How can I check this?

However, Optimizer contains params with requires_grad as True. I checked it with the following code:

 for param in self._optimizer.param_groups[0]['params']:
      if param.requires_grad:
              print(param.grad)

Note that all params’ grad is equal to “None”.

For information, I use “AdamW” as an optimizer.

CedricLy · February 18, 2021, 6:37am

Actually that looks fine.
Maybe your update works. Can you print a, before your optimizer step line and then print b after the line and check if they are the same?

arhouati · February 18, 2021, 11:31am

The two variables a and b are always equal.
Any other suggestions for debugging?

@CedricLy Thanks for your help.

ptrblck · February 19, 2021, 7:18am

Check the .grad attribute of all parameters, which don’t seem to be updated and see if the gradients have valid values or are all zero or even None.
If they are set to None after the first backward and before the first zero_grad() call, your computation graph might be broken. On the other hand, if they are zero, some operations in the model might kill the gradient.
Make sure that you check the .grad attributes after the backward and before the zero_grad operation.

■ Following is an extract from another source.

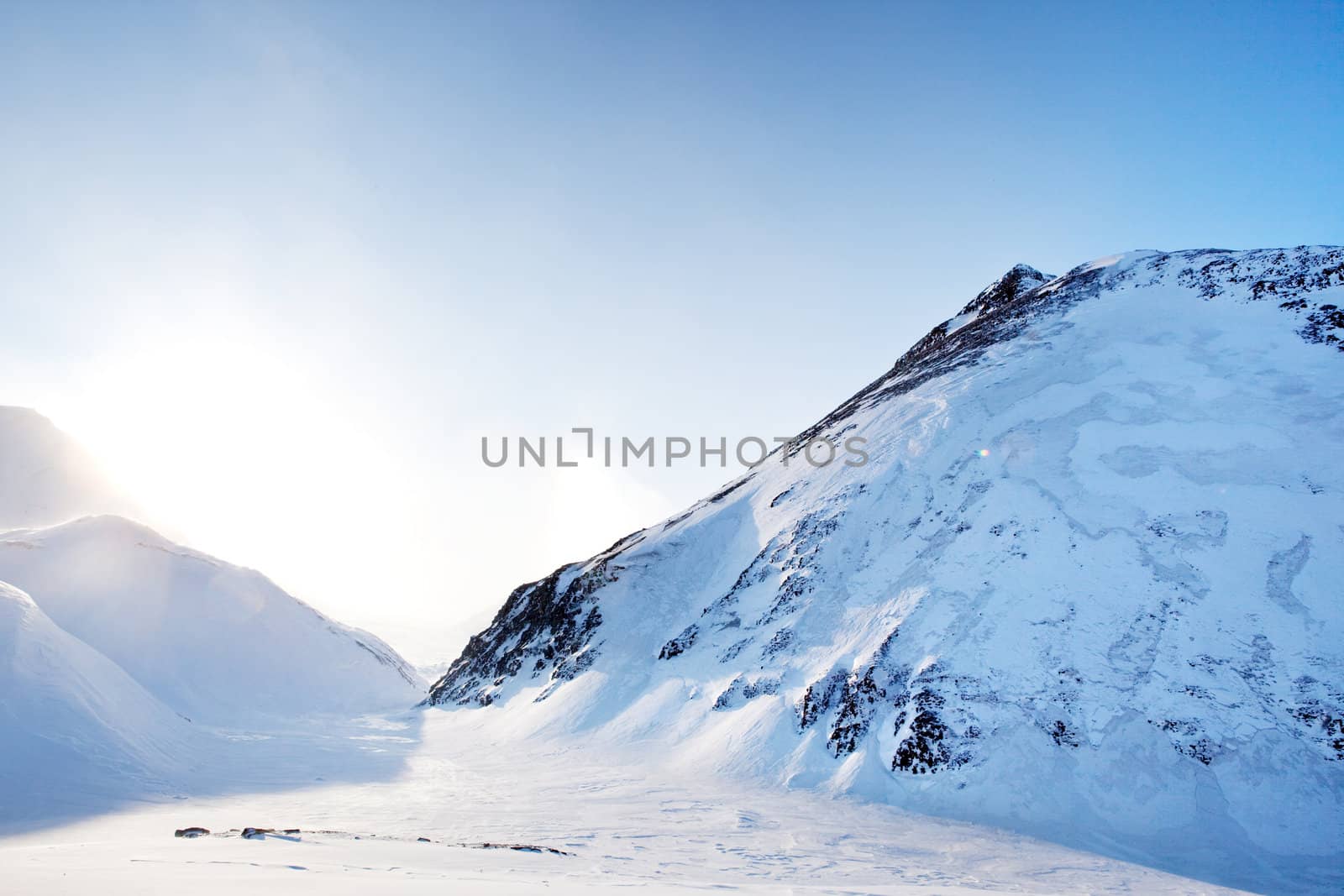 Mountain landscape by leaf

arhouati · February 19, 2021, 6:32pm

Finally, and after 5 days, I found the error.
In fact, the computational graph was broken into two different places, due to two wrong operations. However, it was very difficult to debug it and find the issue source. No tools or Libs exist to visualize the graph, which is the main component for the gradient backpropagation.

ToluClassics · October 12, 2021, 2:47am

Hi @arhouati, I have similar issues
How were you able to debug this??

madelonh · November 15, 2021, 5:20pm

Hi @arhouati,

Thanks for reporting your issue and progress on it here.
I believe I ran into the same issue while finetuning a BERT-based model.
My code seems to be similar to what you implemented, and I tried all other “parameters are not updating” suggestions (for some days now).
If you have time, it would help a lot if you could share which operations made your computational graph break. Does it break where you wrap the entity_logits into a tensor?

Thanks,
Madelon

Update: I just solved my problem. I had to convert my sample labels and another variable (sample size) to pytorch Variables (pytorch.autograd.Variables) to be included in the computational graph. Hope this is helpful for future readers.